In my algorithms course I have been introduced to the concept of entropy and data compression, mainly using Huffman encoding. I am trying to understand the formula for entropy
$$\sum_i p_i \log\left(\frac{1}{p_i}\right) = -\sum_i p_i\log(p_i)$$
I have been given this question which is provided as a justification of the formula but I am not quite sure how to solve it.

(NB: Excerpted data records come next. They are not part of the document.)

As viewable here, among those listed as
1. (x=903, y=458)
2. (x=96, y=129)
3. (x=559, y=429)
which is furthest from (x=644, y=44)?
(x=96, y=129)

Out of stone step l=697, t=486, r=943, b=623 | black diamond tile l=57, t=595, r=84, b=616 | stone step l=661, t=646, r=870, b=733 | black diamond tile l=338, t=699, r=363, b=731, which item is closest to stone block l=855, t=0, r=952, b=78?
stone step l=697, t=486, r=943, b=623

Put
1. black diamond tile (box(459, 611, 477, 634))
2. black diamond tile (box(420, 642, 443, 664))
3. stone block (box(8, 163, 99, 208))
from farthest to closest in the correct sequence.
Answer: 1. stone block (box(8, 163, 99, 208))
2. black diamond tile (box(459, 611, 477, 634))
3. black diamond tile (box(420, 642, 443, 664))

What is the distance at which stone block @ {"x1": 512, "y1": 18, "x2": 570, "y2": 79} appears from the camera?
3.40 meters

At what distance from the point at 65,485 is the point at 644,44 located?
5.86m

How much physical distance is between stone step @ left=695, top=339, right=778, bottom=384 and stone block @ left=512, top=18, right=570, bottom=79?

Consider a distribution over n possible outcomes, with probabilities $p_1,p_2,\dots,p_n$. Assume for simplicity that each $p_i$ is of the form $\frac{1}{2^k}$ with $k \in \mathbb{N}$. Suppose that a sequence of $m$ samples is drawn from the distribution and that for all $1<i \leq n$, the $i^{th}$ outcome occurs exactly $mp_i$ times. Show that if Huffman encoding is applied to this sequence, the resulting encoding will have length
$$\sum_i mp_i \log\left(\frac{1}{p_i}\right)$$
What I understand so far is that the number of bits that will be used will be $$\sum_i mp_i \cdot (number\ of\ bits\ in \ representation \ of\ n_i)$$ so I assume that $$(number\ of\ bits\ in \ representation \ of\ n_i) = \log\left(\frac{1}{p_i}\right)$$
Then letting $m = 1$ we get $$\sum_i p_i \log\left(\frac{1}{p_i}\right)$$ being the average number of bits to represent an outcome of the distribution which tells us about how much information this distribution provides
but I am not sure how to show that
$$(number\ of\ bits\ in \ representation \ of\ n_i) = \log\left(\frac{1}{p_i}\right)$$
Any help would be appreciated.
If the probabilities are $p_i = 2^{-k}$ ("diadic distribution"), then it's easy (assuming you understand how Hufmman codes are constructed) to show that the binary Huffman code will give a perfectly balanced binary tree, of depth $k$. Hence, all codewords will have length $k=\log (1/p_i)$